# Task goal
For the entries that follow, restate word for word the line containing "The City of", the line containing "So there's a", and every line that lies between them.

/---

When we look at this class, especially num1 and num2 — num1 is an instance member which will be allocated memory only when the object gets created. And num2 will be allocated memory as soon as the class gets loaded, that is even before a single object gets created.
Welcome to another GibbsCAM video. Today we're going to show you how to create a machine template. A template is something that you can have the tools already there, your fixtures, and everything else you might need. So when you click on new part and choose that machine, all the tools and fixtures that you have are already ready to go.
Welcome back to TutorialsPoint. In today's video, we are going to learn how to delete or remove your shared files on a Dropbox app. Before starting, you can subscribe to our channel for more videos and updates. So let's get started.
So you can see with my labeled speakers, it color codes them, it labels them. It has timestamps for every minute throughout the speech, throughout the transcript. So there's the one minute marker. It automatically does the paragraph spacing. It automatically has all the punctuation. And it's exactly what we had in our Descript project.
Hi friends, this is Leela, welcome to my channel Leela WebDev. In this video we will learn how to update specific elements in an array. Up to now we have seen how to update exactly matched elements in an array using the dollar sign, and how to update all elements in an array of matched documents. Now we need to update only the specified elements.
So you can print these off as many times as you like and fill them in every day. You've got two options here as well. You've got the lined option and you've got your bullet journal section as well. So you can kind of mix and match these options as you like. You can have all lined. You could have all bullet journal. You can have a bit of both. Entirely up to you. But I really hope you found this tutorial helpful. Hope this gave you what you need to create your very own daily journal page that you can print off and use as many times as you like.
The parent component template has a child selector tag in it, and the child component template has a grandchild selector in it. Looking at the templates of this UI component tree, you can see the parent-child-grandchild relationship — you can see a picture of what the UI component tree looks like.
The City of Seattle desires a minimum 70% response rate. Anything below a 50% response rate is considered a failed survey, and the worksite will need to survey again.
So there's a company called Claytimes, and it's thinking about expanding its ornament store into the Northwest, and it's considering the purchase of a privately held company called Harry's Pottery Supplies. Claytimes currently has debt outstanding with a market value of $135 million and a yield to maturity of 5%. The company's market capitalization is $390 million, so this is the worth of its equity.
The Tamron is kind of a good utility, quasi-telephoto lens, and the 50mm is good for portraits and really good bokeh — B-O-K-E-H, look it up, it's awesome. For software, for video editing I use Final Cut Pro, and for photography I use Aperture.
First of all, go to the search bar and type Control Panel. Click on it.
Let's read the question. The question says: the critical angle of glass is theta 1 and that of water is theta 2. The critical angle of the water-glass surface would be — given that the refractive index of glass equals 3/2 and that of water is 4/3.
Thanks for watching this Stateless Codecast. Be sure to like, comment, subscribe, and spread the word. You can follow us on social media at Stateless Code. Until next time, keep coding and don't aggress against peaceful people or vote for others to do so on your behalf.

\---

# Answer to the exercise
The City of Seattle desires a minimum 70% response rate. Anything below a 50% response rate is considered a failed survey, and the worksite will need to survey again.
So there's a company called Claytimes, and it's thinking about expanding its ornament store into the Northwest, and it's considering the purchase of a privately held company called Harry's Pottery Supplies. Claytimes currently has debt outstanding with a market value of $135 million and a yield to maturity of 5%. The company's market capitalization is $390 million, so this is the worth of its equity.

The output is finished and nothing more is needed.